関西はラリアットで豊田を一回転させるも、豊田はすぐさまジャーマンでお返しし、コーナーにはりつけると、リングシューズでパコーンと顔面にハイキック!
なおも豊田は足4の字、ローリングクレイドルでペースを掴むが、関西はムーンサルトをヒザで防いで反撃。フットスタンプで大きなダメージを与える。
豊田はミサイルキック4連発からサイクロン。関西のスプラッシュマウンテンも1で返して大魔神ポーズ。関西は「なんじゃコイツ…」といった表情で思わず後ずさり。
しかし、スプラッシュのダメージは残っており、このあたりから豊田の動きがガクッと落ちる。

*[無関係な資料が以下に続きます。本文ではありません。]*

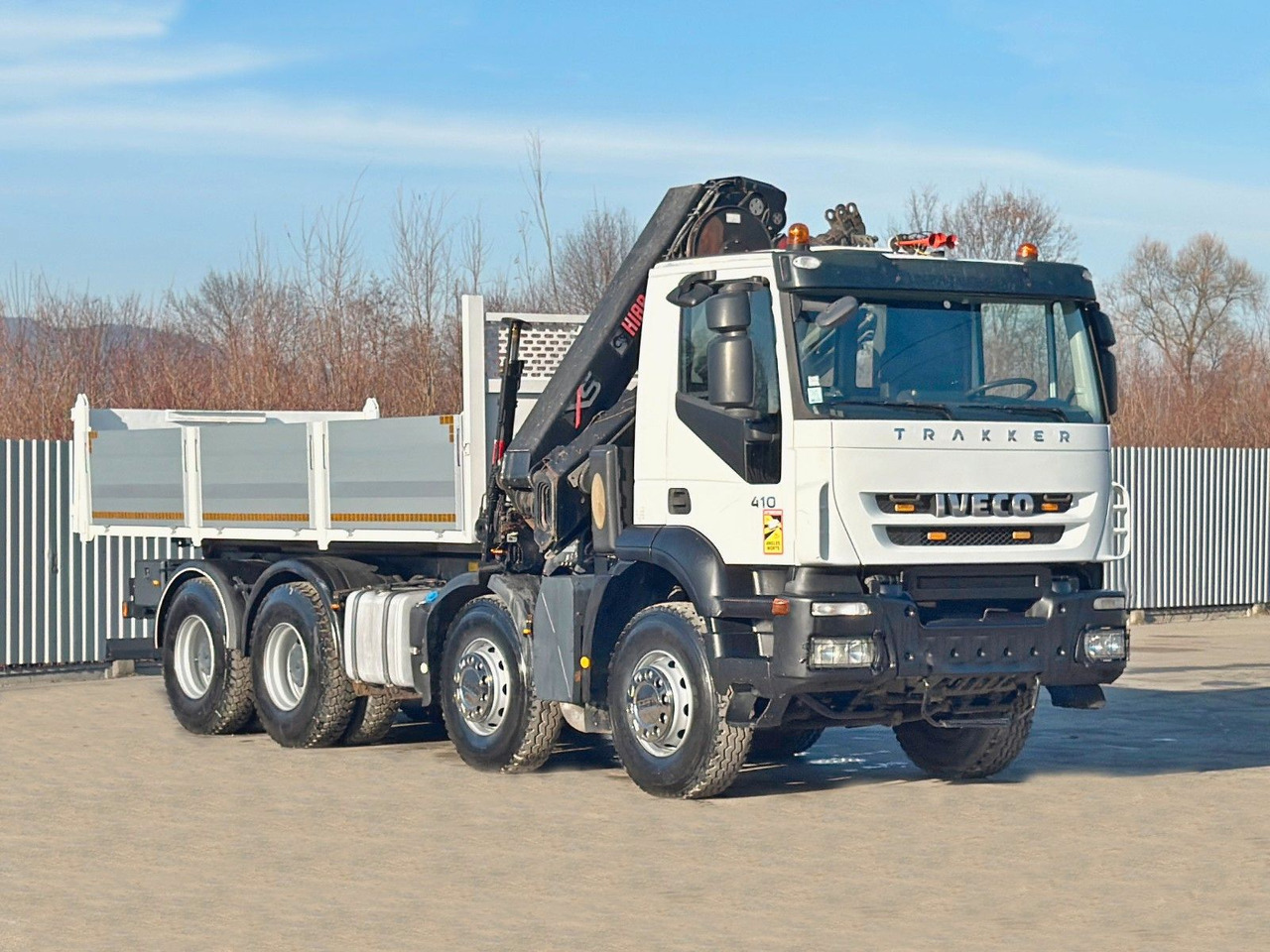 Iveco TRAKKER * HIAB 211 E - 6 HIDUO+ FUNK / 8x4 *TOP - Kranbil: bilde 3 Iveco TRAKKER * HIAB 211 E - 6 HIDUO+ FUNK / 8x4 *TOP - Kranbil: bilde 3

それでも豊田は関西を担ぎ上げると、スプラッシュマウンテン!
関西のグリーンフォールも返し、クインビーでフィニッシュを宣告。これがグシャッと決まるも、関西は何とか肩を上げる。
両者フラフラの中、関西は顔面キック。そして後ろに回って豊田を肩車すると、先ほどのお返しとばかり、JOサイクロン!
この落差&精神的ダメージ十分の一撃で豊田の動きが完全に止まり、最後は関西が渾身のグリーンフォールを叩き込んでカウント3。

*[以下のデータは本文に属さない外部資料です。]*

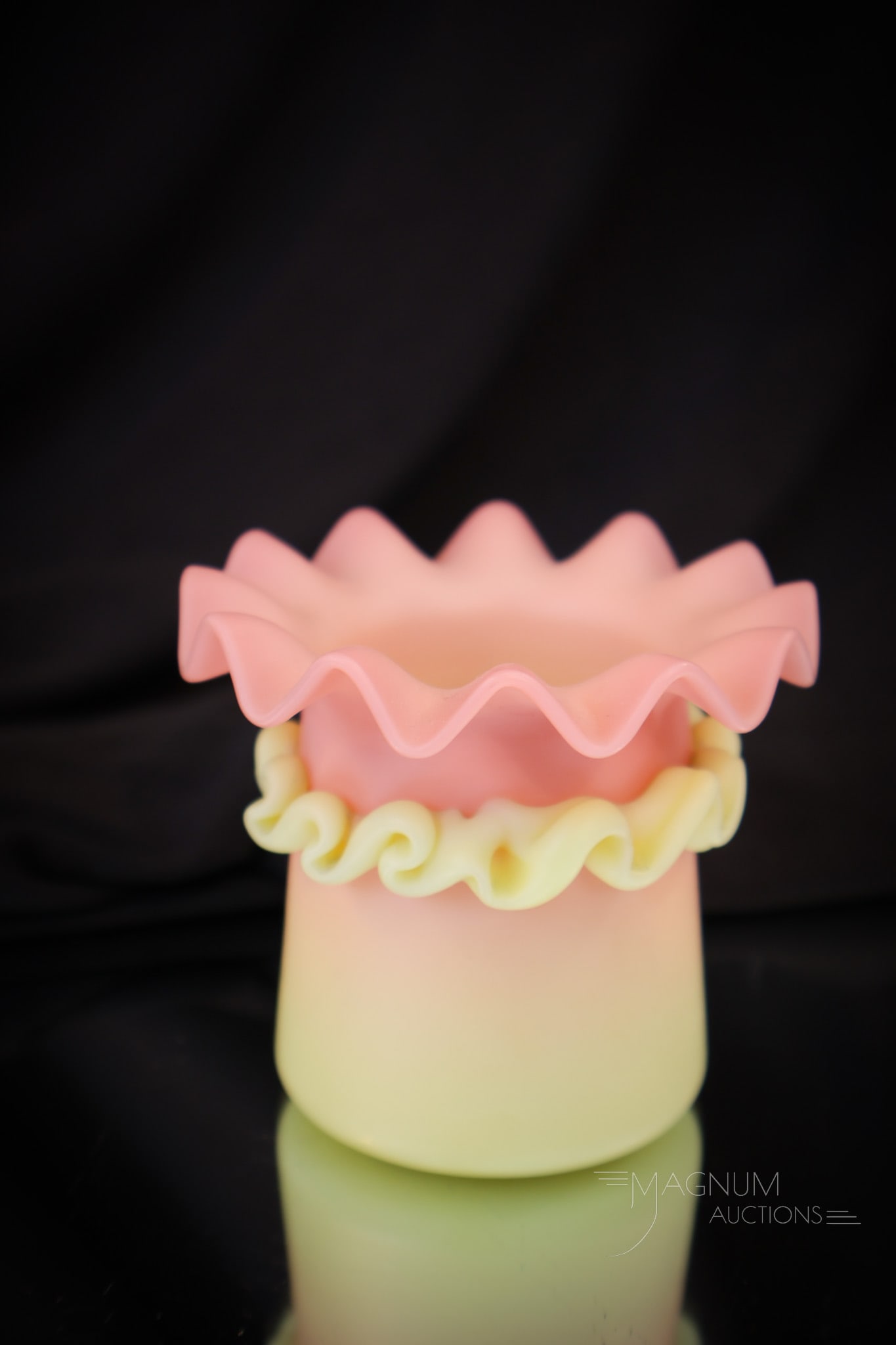 Mt. Washington Burmese Victorian Glass Rigaree Toothpick Holder (1 of 6)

関西のベルト奪取に場内は暖かい歓声。関西は腰のベルトをサワサワして、本当にうれしそうな表情。
一方の豊田はコーナーにしばらく顔をうずめた後、観客に礼をして退場。

関西はスケジュールは未定ながら、12・14後楽園での、ハイスパート・トーナメント優勝者との防衛戦が早々に決定。
一方の豊田は次回12・7大阪では、里村と文体以来のシングルマッチが決定済み。
再び里村を下した豊田が、すぐさまトップコンテンダーの資格を手にするか?
あるいは里村が豊田戦を制し、ハイスパート・トーナメントへ弾みをつけるか?
年末年始の動向を大きく左右するであろう、両者のシングル戦に期待!!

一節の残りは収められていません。